Dans ce cadre, une source sécuritaire a indiqué que les graffitis « entrent dans le cadre de la nuisance aux biens publics et tombent, de ce fait, sous le couperet de la loi comme l’un des plus faibles des délits » (10 jours de prison, s’il y a une plainte déposée par un citoyen).
Un travail de l’ombre
Les graffitis dont le nombre croit de jour en jour sont l’expression de revendications connues avec le mouvement de la « jeunesse du 25 février » ou encore de MJM (Mouvement de la Jeunesse Mauritanienne). Cependant, Dedda Ould Mohamed Lemine, un blogueur connu de la mouvance « jeunesse du 25 février » nie l’existence de tout lien entre les graffitis et l’organisation. « Ce n’est pas l’un des canaux que l’on privilégie, avec l’existence de tant d’autres comme les réseaux sociaux, les manifestations et les meetings au cours desquels tout peut être dit », selon son expression. Il ajoute que les graffitis « sont une pratiques non civilisées qui portent préjudice aux édifices publics et privés ».
Un horizon bouché
Selon Didi Ould Saleck, professeur de droits international à l’Université de Nouakchott et président de l’Institut Maghrébin, les graffitis « sont l’expression d’une colère qui ne peut plus être contenue parce que les moyens de communications classiques ne lui ont pas permis d’être extériorisée ». Il a ajouté que c’est un style qui permet d’atteindre des objectifs autres que ceux que permettent les moyens traditionnels, par le caractère des écritures, les couleurs et le nombre de personnes qui seront, forcées, malgré elles, à lire ces cris de révolte disposant d’espace gratuit. Il s’est étalé longuement sur ce moyen d’expression utilisé naguère par les mouvements de contestation sociale et politique, tel le mouvement des Kadihines, et alors que tous les moyens de communication étaient concentrés entre les mains des pouvoirs publics.

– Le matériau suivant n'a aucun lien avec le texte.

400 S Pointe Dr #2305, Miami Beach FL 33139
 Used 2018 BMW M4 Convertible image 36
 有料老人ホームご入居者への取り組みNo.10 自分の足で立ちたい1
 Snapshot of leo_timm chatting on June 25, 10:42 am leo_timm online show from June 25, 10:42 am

C’est aussi, selon cet expert, un moyen d’attirer l’attention des couches non instruites de la population qui, sans savoir déchiffrer ces messages comprennent, tout de même qu’il y a un malaise profond au niveau social et politique, comme en témoigne également les manifestations non stop à l’Université et à l’ISERI (Institut supérieur des études et recherches islamiques).